• _Assignment_
Reproduce the whole listing below without its pictures, exactly as written.

• _Recorded information_
==*==

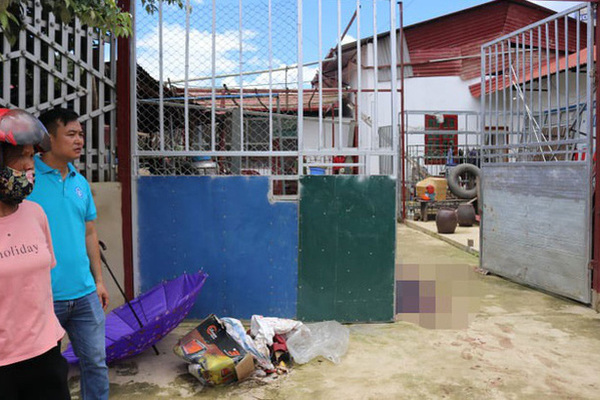 Hai vợ chồng đến nhà con nợ đòi tiền bị chém chết ở Điện Biên
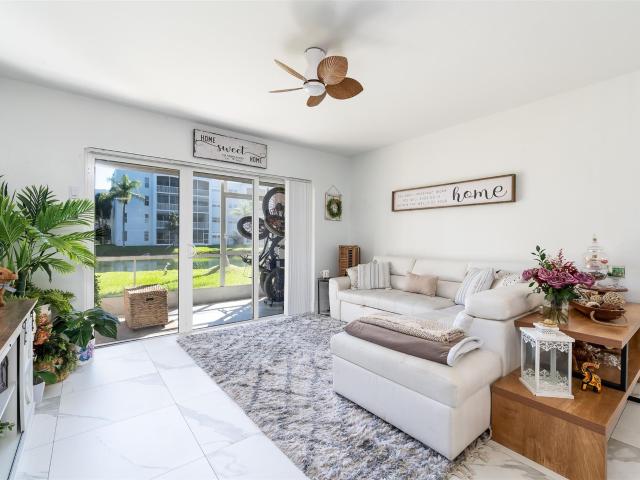 Condo for sale in Dania, Florida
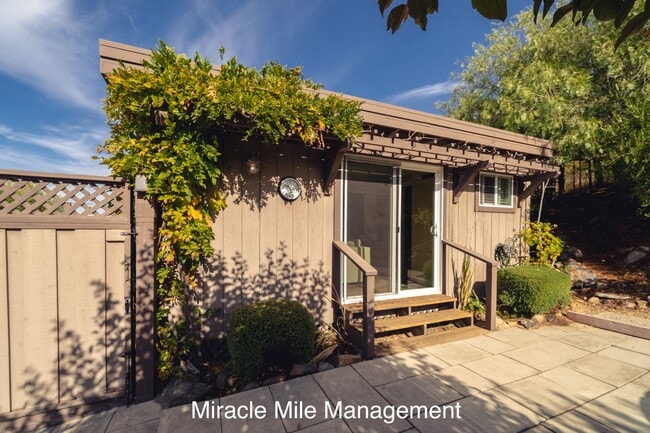 Foto del edificio - West Marin Luxury Retreat – Private Estate with Panoramic Views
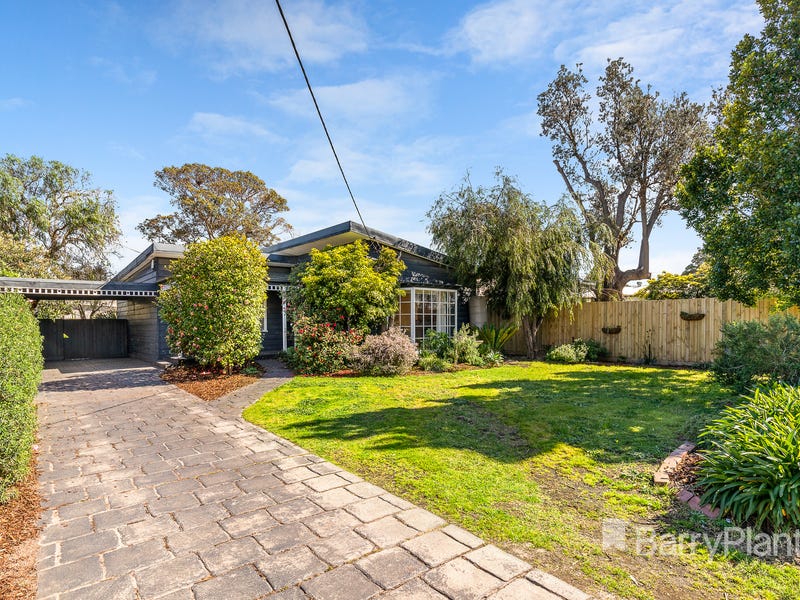 46 Rosslyn Avenue, Seaford, Vic 3198 Property Details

==*==

• _Result_
 Hai vợ chồng đến nhà con nợ đòi tiền bị chém chết ở Điện Biên
 Condo for sale in Dania, Florida
 Foto del edificio - West Marin Luxury Retreat – Private Estate with Panoramic Views
 46 Rosslyn Avenue, Seaford, Vic 3198 Property Details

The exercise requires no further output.